Mannen hebben ook borstklierweefsel onder de tepel zitten. Overmatige ontwikkeling van dit borstklierweefsel geeft aanleiding tot borstvorming bij de man, ook wel gynaecomastie genoemd.
De aandoening ontstaat meestal in de puberteit en kan aan één zijde of aan beide zijden van de borstkas optreden. Naast klierweefsel is er soms opstapeling van vetweefsel de oorzaak van de gynaecomastie. Dit komt dan vaak in combinatie met overgewicht voor. Afvallen kan dan verbetering geven.

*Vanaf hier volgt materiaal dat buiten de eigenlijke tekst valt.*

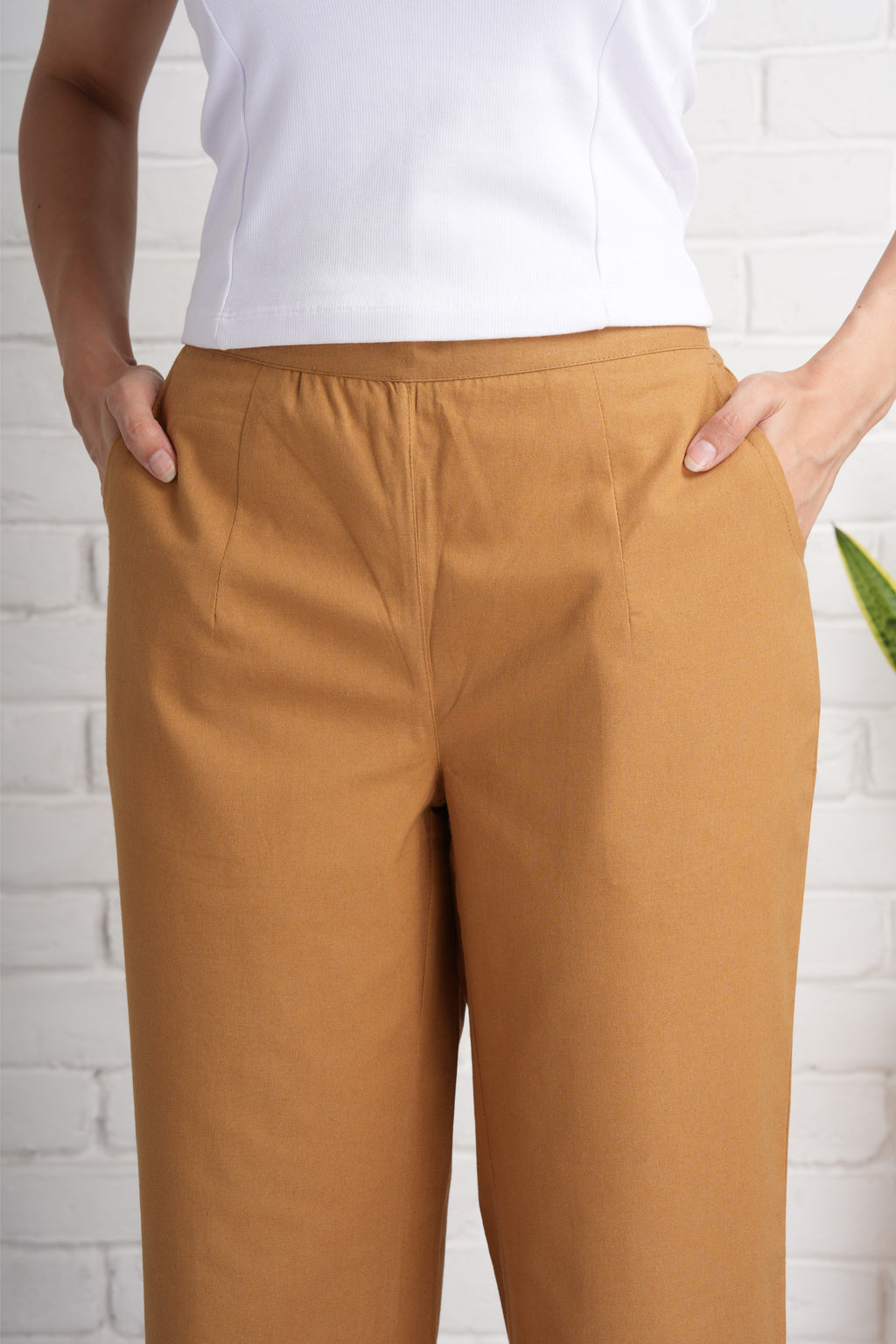 Coffee Brown Wide Leg Cotton Pants
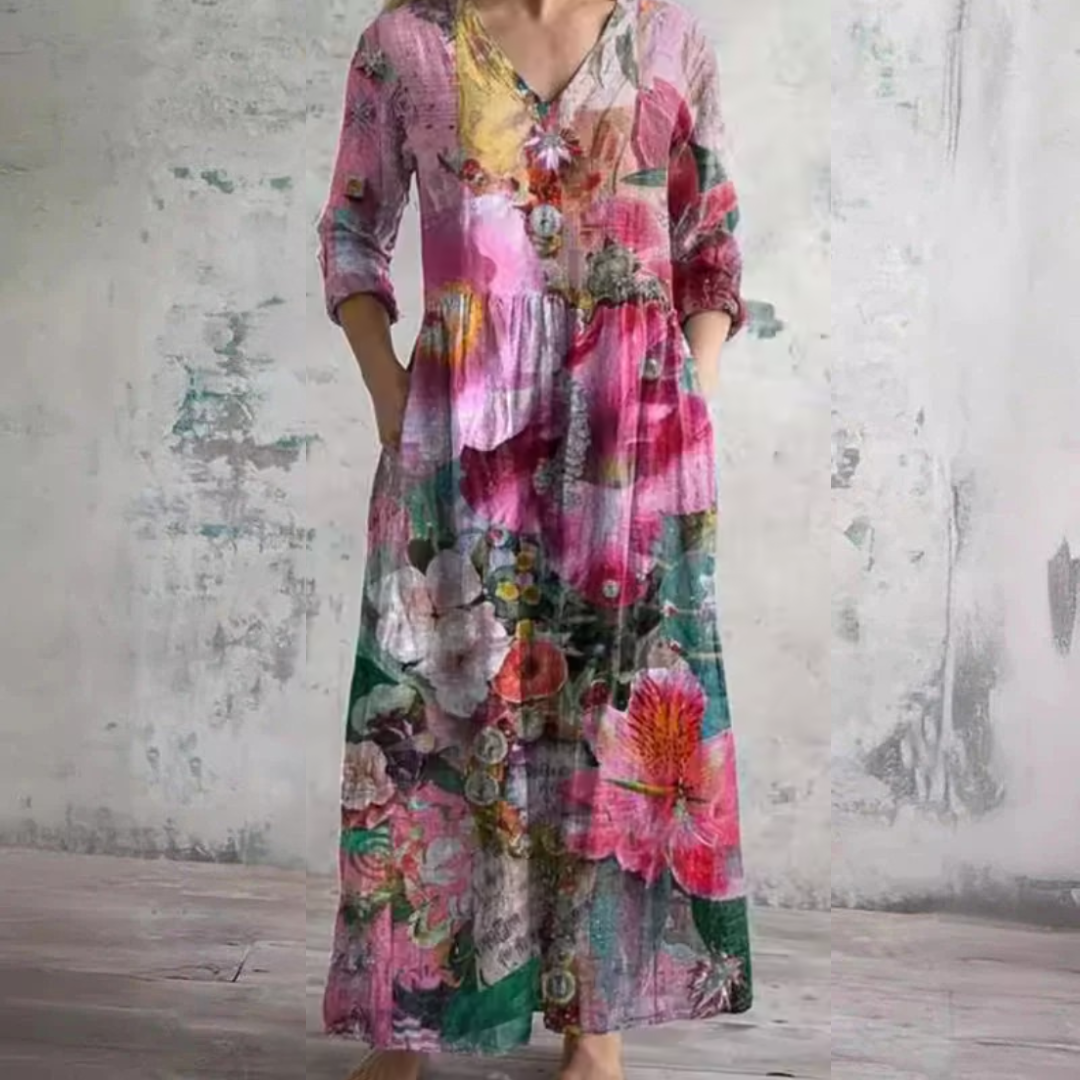 Pink V-Neck Floral Print Long Sleeve Gathered Waist Maxi Dress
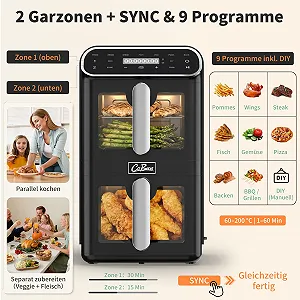 Мультипіч COBNN Double Stack 11 л (2 x 5,5 л) з оглядовим вікном SYNC & DUAL 9 програм DIY V0 2460 Вт synthetic.ua - Фото 1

Gynaecomastie heeft vele oorzaken onder andere stoornissen in de hormoon stofwisseling. Vaak wordt er echter geen oorzaak voor gevonden. Door het innemen van medicijnen bij bodybuilders of bij de behandeling van prostaatkanker wordt dit fenomeen ook meer gezien.
Met behulp van een echografie kan de grootte van de klier worden gemeten en het aandeel van het onderhuidse vet worden ingeschat.
Bij een operatieve behandeling wordt het klierweefsel weggesneden en het teveel aan vet verwijderd d.m.v. liposuctie. Bij uitzonderlijke gevallen moet soms overtollige huid worden weggenomen.
Het litteken hoeft in de regel niet groter te zijn dan de helft van de tepelhof en wordt precies op de overgang van de tepelhof naar de gewone huid geplaatst. Het litteken geneest meestal fraai en is weinig opvallend. Als er overtollige huid moet worden weggenomen zijn er meer littekens.
Een veranderd gevoel in de tepels na de operatie is niet ongewoon. Dit herstelt zich meestal altijd.